▸ **Activity**: Every line below between the line holding "Loopy Christmas Tree" and the line holding "Creedite from Guizhou, China, individual", inclusive, should be repeated exactly, and all other lines omitted.

▸ **Brief descriptive captions**:
○ ○ ○ ○

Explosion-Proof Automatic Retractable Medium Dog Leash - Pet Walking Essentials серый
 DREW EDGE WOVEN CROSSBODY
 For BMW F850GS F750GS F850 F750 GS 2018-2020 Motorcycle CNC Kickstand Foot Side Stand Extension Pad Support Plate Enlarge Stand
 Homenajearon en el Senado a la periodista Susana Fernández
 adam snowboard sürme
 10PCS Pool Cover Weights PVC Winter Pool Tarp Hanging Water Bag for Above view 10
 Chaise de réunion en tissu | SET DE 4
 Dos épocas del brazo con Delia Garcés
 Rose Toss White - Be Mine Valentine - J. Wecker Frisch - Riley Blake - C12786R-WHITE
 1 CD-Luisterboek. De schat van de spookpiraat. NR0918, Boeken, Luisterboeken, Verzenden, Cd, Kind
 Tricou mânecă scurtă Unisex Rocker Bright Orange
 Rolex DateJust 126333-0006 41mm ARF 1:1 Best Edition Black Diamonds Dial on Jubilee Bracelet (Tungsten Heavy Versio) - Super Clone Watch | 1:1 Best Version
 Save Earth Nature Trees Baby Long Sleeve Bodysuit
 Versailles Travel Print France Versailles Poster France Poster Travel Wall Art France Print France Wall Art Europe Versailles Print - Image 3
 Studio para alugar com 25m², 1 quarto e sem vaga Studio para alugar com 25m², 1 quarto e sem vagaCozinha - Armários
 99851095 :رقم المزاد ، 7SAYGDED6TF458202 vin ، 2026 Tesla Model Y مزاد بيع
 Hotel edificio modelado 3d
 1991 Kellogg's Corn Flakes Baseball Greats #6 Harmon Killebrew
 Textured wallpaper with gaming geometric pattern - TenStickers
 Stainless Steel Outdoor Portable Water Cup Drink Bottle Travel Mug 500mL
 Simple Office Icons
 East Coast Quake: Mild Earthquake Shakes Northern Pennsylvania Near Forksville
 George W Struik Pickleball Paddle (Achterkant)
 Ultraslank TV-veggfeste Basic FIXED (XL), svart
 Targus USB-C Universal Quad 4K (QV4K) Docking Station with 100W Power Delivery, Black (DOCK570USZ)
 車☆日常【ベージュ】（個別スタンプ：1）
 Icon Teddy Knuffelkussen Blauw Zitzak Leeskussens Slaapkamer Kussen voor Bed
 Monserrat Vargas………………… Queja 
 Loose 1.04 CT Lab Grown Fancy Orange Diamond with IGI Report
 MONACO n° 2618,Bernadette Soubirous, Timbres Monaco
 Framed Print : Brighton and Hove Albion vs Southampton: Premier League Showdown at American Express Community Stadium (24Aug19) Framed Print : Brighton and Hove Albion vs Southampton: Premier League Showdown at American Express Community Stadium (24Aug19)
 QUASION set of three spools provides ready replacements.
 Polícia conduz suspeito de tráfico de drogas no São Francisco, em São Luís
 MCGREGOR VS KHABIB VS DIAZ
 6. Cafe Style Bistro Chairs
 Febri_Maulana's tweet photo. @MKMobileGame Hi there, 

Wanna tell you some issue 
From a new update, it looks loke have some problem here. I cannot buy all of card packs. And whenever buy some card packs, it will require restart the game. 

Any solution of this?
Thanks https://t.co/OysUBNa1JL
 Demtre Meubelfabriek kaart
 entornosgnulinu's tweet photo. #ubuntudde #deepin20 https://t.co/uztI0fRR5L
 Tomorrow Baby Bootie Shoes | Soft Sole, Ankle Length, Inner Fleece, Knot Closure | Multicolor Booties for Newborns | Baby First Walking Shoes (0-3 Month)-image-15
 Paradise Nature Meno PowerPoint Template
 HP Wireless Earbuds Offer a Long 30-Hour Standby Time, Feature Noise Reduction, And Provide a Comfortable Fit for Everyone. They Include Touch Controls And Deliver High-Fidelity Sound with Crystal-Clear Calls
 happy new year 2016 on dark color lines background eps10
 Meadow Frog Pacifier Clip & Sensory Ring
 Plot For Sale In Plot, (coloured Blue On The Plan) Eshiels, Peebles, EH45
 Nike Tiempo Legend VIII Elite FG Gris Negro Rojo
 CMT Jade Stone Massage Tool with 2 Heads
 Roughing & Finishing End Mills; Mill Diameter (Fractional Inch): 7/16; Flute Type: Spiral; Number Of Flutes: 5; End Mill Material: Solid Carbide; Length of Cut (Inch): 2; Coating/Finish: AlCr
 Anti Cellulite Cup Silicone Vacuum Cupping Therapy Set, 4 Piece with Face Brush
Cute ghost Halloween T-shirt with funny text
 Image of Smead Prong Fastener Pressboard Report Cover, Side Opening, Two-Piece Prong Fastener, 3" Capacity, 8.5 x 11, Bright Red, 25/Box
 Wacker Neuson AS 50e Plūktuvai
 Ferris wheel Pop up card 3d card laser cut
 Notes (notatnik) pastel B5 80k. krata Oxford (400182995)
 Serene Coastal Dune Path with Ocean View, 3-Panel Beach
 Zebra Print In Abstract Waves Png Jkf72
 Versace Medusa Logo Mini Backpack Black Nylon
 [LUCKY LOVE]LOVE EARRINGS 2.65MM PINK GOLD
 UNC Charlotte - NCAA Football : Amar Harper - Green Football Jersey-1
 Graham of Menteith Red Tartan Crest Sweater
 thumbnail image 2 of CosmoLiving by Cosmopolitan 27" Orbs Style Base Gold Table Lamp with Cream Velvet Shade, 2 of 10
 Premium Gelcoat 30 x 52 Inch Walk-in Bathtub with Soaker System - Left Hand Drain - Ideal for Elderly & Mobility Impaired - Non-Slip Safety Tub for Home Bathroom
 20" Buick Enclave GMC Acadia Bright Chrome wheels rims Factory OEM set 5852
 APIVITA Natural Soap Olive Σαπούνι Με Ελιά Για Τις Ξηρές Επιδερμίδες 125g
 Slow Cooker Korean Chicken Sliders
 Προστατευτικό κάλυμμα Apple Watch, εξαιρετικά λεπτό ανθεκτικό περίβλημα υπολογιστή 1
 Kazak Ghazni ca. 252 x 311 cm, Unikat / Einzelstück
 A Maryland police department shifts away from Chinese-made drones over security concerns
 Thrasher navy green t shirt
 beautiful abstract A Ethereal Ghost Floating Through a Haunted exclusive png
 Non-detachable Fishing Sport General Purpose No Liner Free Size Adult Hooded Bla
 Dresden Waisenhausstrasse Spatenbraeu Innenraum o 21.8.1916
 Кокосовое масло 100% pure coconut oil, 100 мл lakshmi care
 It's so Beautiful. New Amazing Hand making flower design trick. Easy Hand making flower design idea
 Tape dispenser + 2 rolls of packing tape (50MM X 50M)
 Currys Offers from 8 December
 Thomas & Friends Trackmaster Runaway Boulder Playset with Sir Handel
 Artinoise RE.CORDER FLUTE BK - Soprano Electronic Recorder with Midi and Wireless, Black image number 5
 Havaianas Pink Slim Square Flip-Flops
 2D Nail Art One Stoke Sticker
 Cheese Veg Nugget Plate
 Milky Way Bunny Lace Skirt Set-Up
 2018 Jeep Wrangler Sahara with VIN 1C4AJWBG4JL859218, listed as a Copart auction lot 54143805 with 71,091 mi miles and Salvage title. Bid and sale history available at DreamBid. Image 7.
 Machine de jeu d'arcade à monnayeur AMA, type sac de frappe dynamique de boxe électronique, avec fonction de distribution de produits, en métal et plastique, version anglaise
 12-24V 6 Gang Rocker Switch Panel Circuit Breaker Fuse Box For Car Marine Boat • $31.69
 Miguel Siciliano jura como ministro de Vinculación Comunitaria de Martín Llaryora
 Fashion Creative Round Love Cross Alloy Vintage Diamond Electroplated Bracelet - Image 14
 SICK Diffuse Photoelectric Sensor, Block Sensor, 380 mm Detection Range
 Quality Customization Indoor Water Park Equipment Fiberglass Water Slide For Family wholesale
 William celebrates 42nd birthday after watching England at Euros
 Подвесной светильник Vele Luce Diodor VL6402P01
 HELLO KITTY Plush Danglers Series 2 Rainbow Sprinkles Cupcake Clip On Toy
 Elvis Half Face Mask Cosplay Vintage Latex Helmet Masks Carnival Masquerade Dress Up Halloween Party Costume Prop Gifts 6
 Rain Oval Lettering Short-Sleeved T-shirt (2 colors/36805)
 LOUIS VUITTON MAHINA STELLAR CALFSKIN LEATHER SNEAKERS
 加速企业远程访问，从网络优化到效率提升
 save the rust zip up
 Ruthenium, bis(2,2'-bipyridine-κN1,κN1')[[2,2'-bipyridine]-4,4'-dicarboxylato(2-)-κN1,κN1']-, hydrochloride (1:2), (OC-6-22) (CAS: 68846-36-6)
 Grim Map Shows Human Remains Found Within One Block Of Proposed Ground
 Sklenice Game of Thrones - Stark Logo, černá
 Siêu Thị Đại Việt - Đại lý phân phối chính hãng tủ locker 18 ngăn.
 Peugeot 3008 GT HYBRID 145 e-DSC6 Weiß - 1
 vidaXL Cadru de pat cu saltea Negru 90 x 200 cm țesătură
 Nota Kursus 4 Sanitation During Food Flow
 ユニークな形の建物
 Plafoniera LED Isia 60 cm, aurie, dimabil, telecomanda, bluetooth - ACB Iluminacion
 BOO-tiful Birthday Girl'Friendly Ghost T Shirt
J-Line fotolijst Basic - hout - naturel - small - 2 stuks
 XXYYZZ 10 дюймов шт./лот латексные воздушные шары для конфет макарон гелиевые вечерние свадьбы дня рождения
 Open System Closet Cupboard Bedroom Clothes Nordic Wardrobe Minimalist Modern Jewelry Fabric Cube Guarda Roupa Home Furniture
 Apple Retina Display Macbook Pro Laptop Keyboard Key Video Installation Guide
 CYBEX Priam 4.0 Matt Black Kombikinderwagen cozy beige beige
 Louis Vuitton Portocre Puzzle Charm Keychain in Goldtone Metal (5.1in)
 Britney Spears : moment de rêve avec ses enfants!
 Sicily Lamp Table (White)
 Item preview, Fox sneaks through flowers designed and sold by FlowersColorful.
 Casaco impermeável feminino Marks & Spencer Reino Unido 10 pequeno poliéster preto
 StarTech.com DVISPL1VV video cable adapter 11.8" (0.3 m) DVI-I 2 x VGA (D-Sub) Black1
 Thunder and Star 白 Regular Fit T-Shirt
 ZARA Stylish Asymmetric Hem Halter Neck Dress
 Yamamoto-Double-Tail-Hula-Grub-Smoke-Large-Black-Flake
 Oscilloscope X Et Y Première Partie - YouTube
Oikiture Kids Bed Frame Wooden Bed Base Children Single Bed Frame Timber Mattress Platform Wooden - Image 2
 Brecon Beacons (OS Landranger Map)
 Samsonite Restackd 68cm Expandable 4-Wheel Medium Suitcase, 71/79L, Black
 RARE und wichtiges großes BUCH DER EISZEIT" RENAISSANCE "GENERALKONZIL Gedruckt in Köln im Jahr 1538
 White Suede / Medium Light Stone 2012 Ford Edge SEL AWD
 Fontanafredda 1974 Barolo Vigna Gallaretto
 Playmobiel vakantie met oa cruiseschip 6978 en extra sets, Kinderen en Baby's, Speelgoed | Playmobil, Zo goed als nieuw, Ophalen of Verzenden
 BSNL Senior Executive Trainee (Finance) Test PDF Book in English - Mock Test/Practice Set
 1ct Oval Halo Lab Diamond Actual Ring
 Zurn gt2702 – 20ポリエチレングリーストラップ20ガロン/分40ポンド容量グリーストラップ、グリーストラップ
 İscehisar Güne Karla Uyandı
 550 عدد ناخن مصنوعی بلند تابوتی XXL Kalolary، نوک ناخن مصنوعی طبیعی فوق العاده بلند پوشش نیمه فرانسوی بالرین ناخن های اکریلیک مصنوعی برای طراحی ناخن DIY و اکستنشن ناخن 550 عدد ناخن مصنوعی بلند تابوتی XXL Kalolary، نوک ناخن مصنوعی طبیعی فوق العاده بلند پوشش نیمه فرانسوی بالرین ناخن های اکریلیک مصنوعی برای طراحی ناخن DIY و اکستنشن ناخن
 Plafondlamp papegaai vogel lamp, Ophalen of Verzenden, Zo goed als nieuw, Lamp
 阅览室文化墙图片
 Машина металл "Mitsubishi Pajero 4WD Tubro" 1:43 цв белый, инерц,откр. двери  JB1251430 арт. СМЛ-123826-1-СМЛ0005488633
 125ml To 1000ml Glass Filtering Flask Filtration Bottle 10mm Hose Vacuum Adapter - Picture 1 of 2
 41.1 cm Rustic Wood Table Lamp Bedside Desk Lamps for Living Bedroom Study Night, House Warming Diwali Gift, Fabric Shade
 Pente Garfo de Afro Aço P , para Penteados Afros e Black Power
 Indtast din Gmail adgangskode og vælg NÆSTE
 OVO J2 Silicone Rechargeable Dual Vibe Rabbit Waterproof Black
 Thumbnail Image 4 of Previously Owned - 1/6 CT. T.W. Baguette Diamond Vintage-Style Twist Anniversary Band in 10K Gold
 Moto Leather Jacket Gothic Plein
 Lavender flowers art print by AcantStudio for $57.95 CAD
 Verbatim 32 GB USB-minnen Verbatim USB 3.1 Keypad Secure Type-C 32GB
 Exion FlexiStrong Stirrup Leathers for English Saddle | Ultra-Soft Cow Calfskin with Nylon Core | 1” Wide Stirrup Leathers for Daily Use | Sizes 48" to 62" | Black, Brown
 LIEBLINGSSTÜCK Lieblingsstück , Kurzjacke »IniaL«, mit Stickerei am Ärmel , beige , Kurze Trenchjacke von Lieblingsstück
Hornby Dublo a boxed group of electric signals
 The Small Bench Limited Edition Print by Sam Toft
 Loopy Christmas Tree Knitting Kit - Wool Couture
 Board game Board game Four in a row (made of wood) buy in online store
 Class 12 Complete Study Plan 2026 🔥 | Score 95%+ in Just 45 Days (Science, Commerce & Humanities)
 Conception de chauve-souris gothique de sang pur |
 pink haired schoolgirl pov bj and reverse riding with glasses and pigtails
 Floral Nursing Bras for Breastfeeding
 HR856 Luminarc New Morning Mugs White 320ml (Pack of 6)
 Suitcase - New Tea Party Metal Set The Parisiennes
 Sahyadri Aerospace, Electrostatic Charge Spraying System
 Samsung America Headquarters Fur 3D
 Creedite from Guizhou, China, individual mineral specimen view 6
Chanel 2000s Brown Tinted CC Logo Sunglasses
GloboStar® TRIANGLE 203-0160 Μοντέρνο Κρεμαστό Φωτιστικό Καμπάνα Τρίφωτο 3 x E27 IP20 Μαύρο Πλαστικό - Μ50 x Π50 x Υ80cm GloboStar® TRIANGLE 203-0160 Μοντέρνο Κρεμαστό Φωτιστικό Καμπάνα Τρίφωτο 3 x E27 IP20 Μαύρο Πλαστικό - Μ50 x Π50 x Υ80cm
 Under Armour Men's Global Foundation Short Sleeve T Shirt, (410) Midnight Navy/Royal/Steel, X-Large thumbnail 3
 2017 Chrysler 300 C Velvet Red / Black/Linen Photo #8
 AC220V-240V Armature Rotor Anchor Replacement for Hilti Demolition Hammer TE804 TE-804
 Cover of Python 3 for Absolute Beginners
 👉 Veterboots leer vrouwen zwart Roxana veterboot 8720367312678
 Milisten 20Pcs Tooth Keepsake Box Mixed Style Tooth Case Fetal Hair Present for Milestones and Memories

○ ○ ○ ○

▸ **Your solution**:
 Loopy Christmas Tree Knitting Kit - Wool Couture
 Board game Board game Four in a row (made of wood) buy in online store
 Class 12 Complete Study Plan 2026 🔥 | Score 95%+ in Just 45 Days (Science, Commerce & Humanities)
 Conception de chauve-souris gothique de sang pur |
 pink haired schoolgirl pov bj and reverse riding with glasses and pigtails
 Floral Nursing Bras for Breastfeeding
 HR856 Luminarc New Morning Mugs White 320ml (Pack of 6)
 Suitcase - New Tea Party Metal Set The Parisiennes
 Sahyadri Aerospace, Electrostatic Charge Spraying System
 Samsung America Headquarters Fur 3D
 Creedite from Guizhou, China, individual mineral specimen view 6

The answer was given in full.